- **Task brief**
The whole listing below, with no pictures, is to be repeated as it stands.
*** Begin section ***
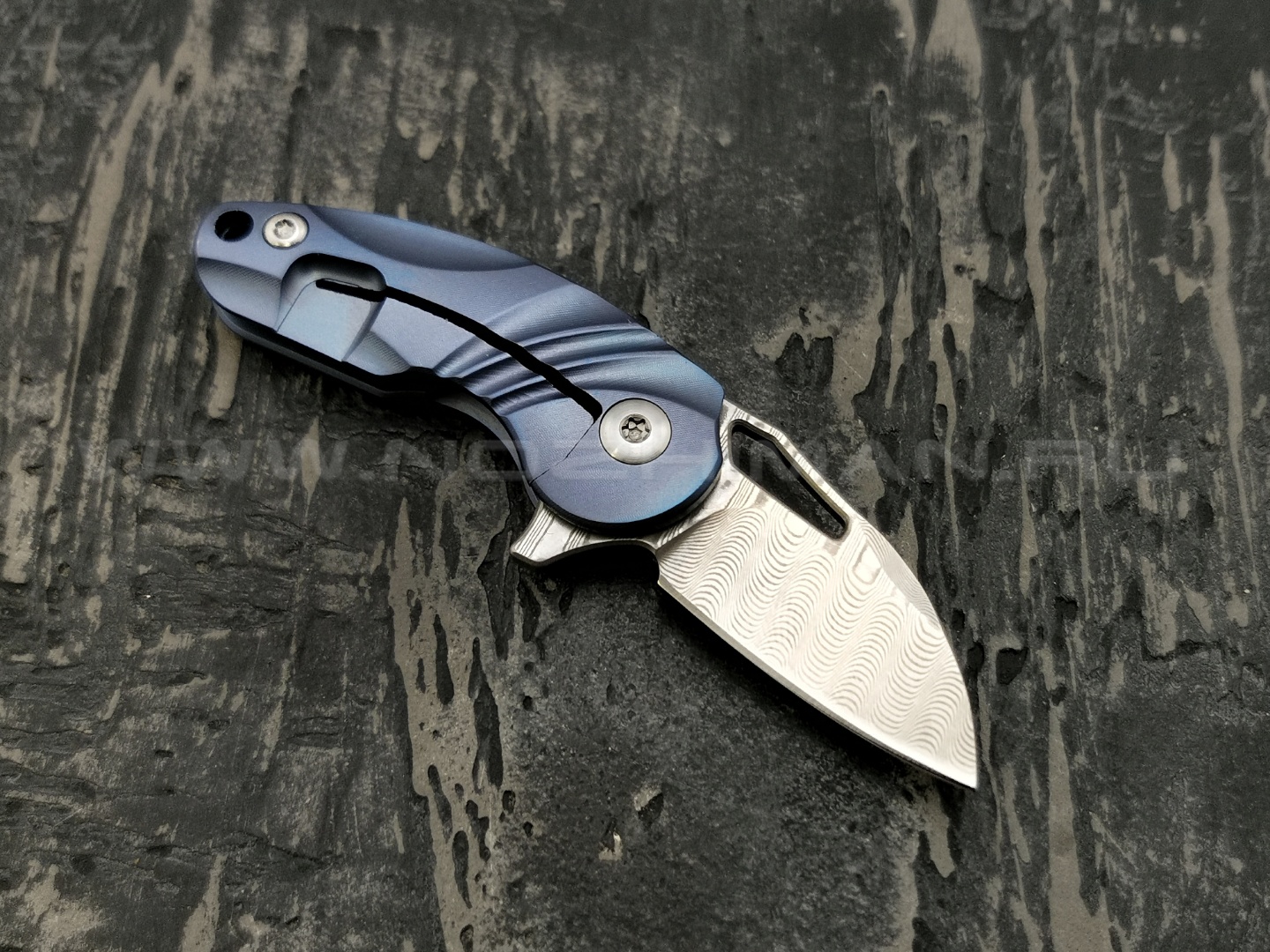 TuoTown нож Micro-3 нержавеющий дамаск, рукоять Titanium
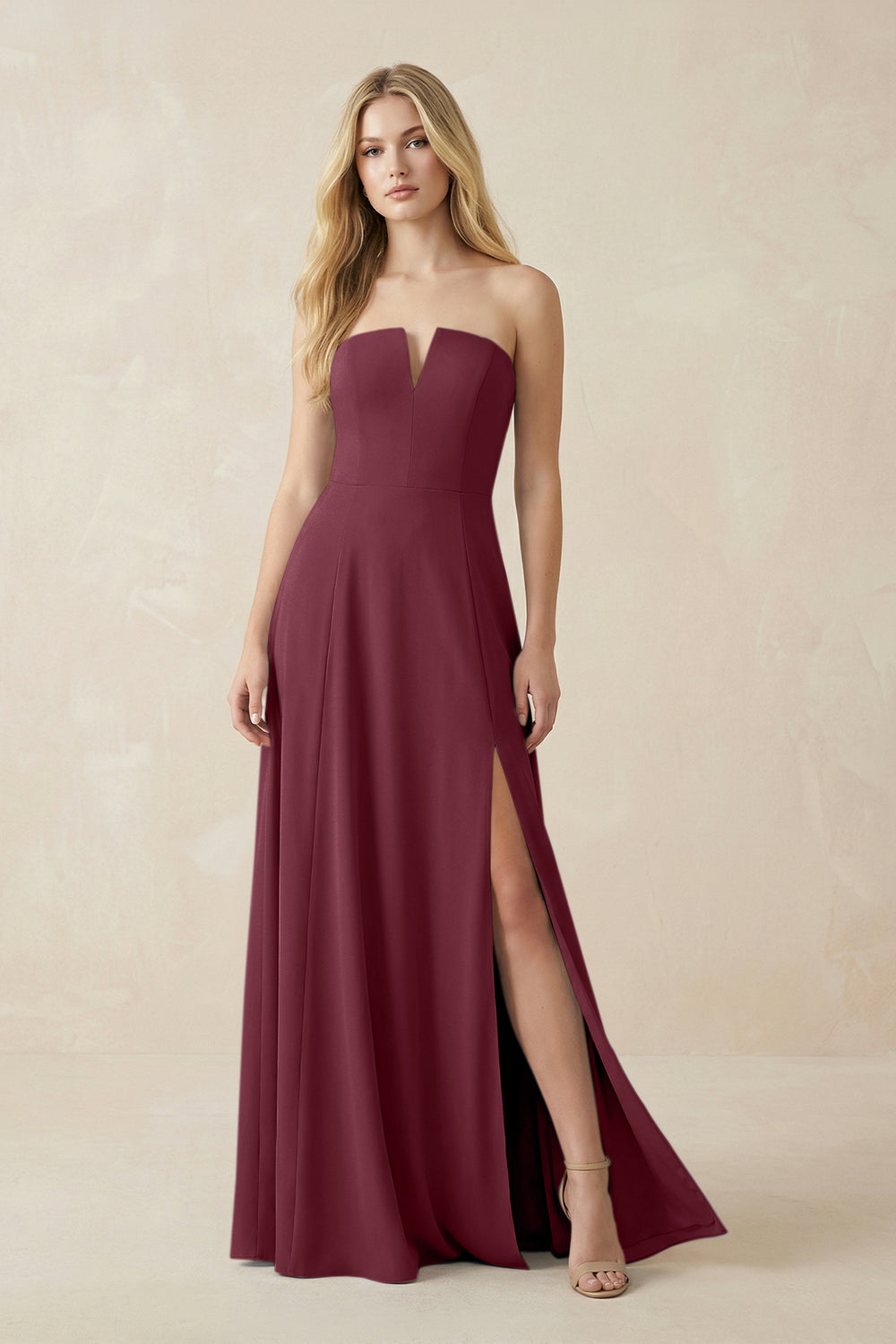 Strapless A-Line Chiffon Bridesmaid Dress With Slit in Desert Rose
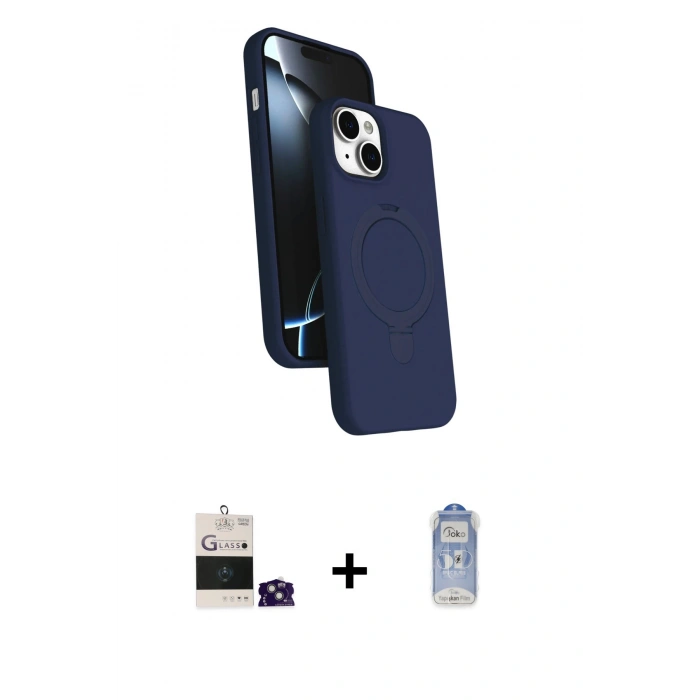 MARSİLYAN™- iPhone 15 Kılıf İz Işık Koleksiyonu - Siyah Joko Magic 5D Cam + Bilvis Titan Kamera Lens - YL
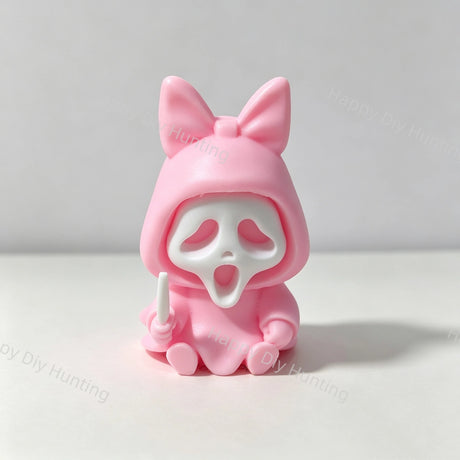 3D pink hooded spooky ghost figure pen toppers, silicone decorative tops for halloween handmade beadable pen projects
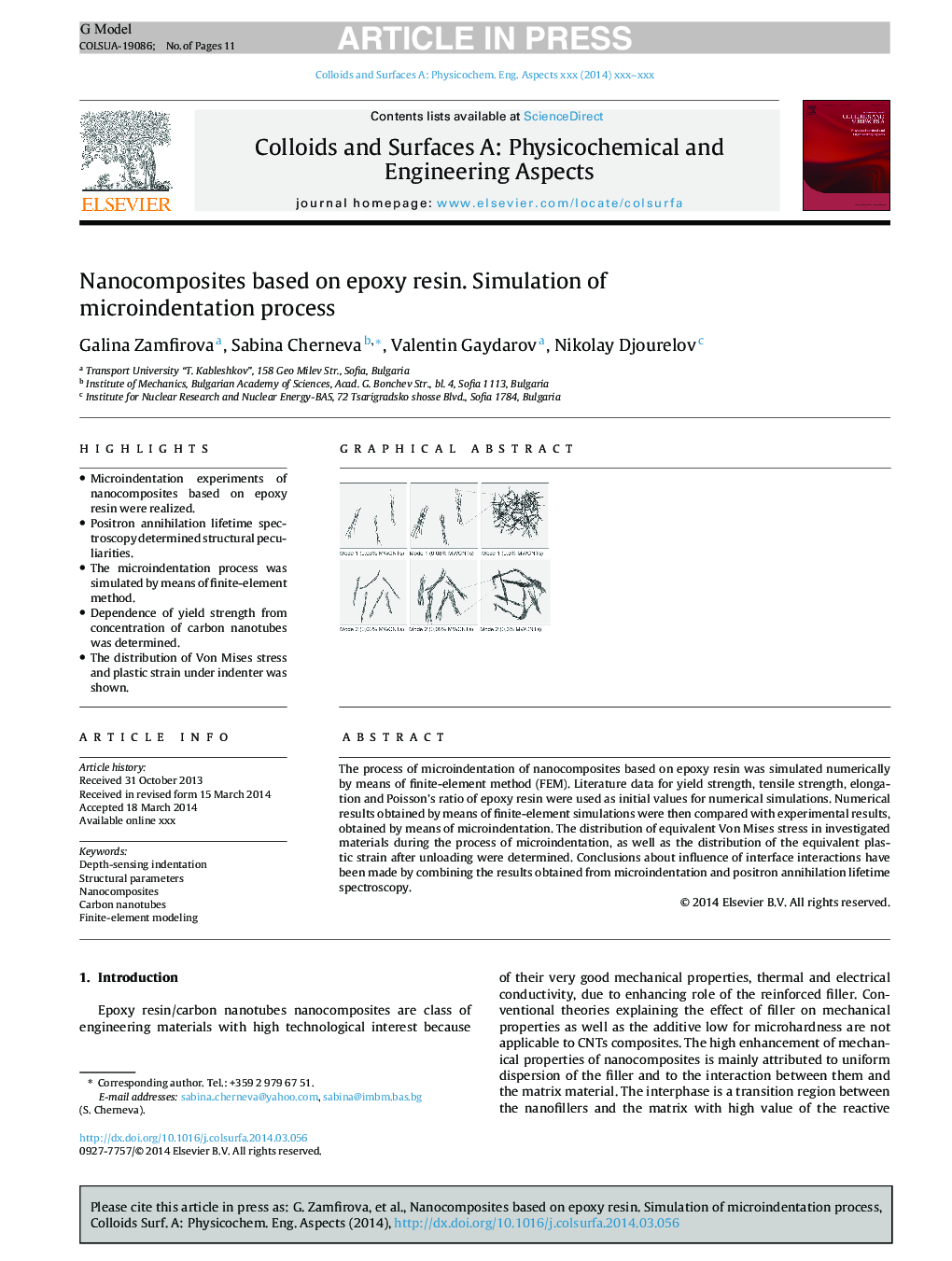 Nanocomposites based on epoxy resin. Simulation of microindentation process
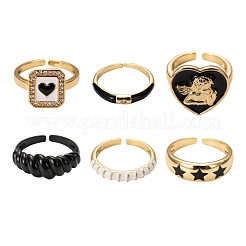 6ピース6スタイルゴールデンブラスカフリング  オープンリング  スター＆テクスチャード＆ハート＆レクタングル＆バンブージョイント  ホワイト  ブラック  1個/スタイル&nbsp;RJEW-LS0001-04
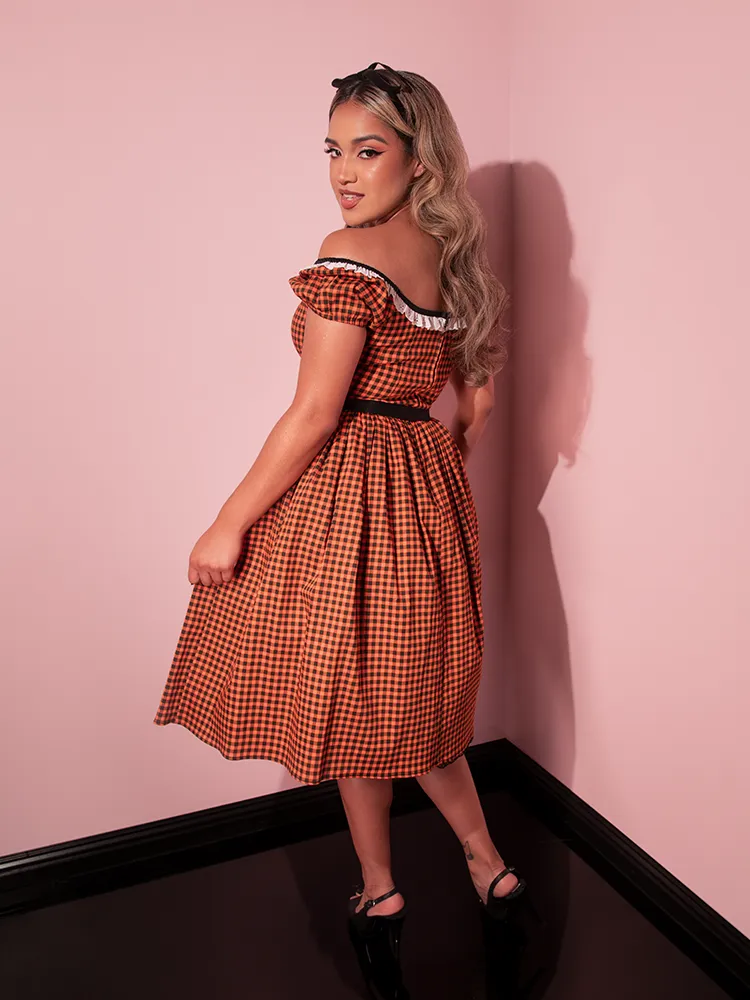 Bardot Beauty Swing Dress in Orange Pumpkin Gingham - Vixen by Micheline Pitt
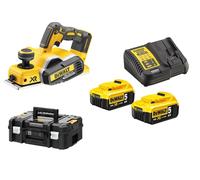 Rabot 18 V XR + 2 batteries 5 Ah + chargeur multivoltage + coffret T-STAK DEWALT DCP580P2-QW
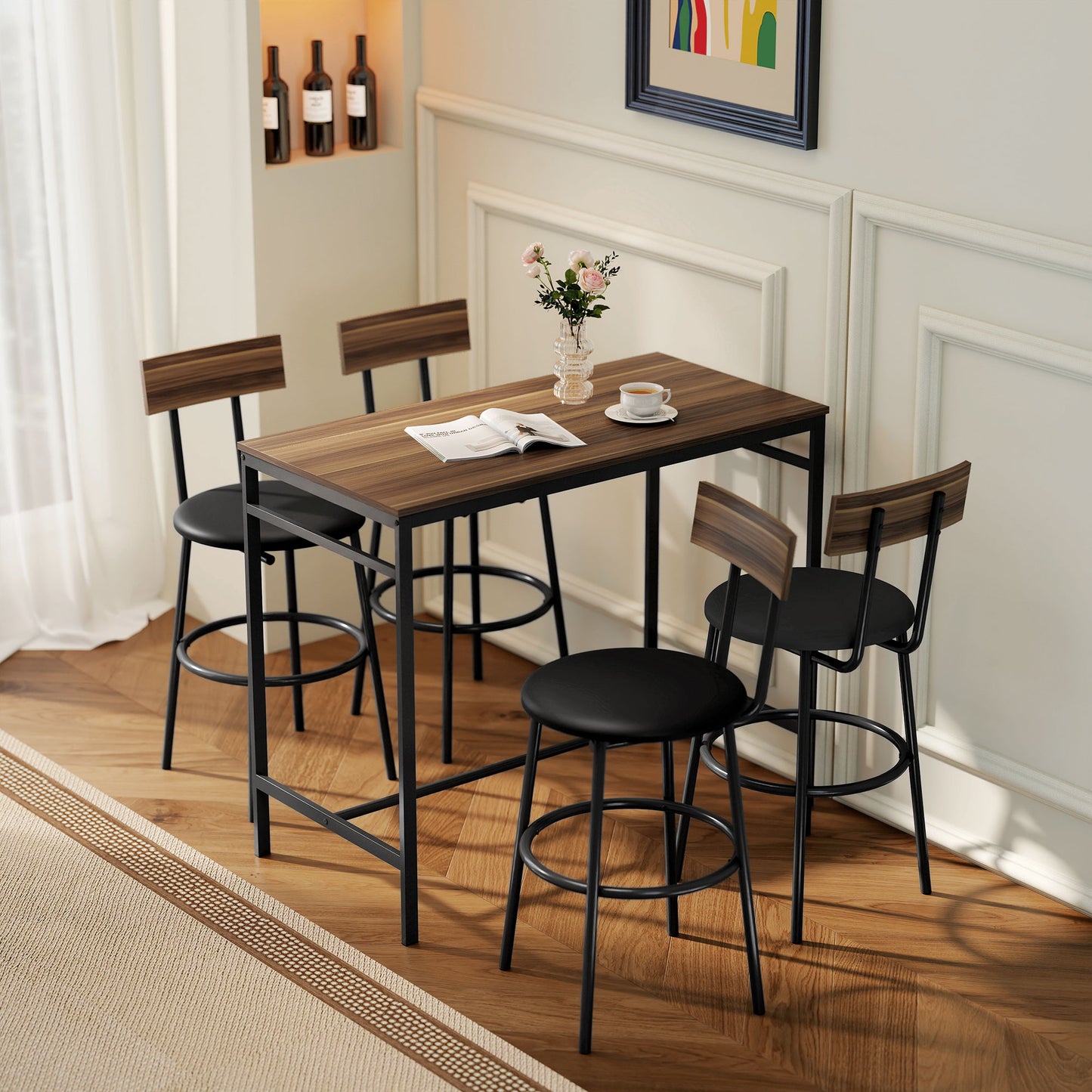 HOMCOM 5-teiliges Bartisch-Set mit 4 Stühlen, Industrielles Design, für Küche, Esszimmer, Holz, Stahl, Braun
*** End section ***
- **Your solution**
 TuoTown нож Micro-3 нержавеющий дамаск, рукоять Titanium
 Strapless A-Line Chiffon Bridesmaid Dress With Slit in Desert Rose
 MARSİLYAN™- iPhone 15 Kılıf İz Işık Koleksiyonu - Siyah Joko Magic 5D Cam + Bilvis Titan Kamera Lens - YL
 3D pink hooded spooky ghost figure pen toppers, silicone decorative tops for halloween handmade beadable pen projects
 Nanocomposites based on epoxy resin. Simulation of microindentation process
 6ピース6スタイルゴールデンブラスカフリング  オープンリング  スター＆テクスチャード＆ハート＆レクタングル＆バンブージョイント  ホワイト  ブラック  1個/スタイル&nbsp;RJEW-LS0001-04
 Bardot Beauty Swing Dress in Orange Pumpkin Gingham - Vixen by Micheline Pitt
 Rabot 18 V XR + 2 batteries 5 Ah + chargeur multivoltage + coffret T-STAK DEWALT DCP580P2-QW
 HOMCOM 5-teiliges Bartisch-Set mit 4 Stühlen, Industrielles Design, für Küche, Esszimmer, Holz, Stahl, Braun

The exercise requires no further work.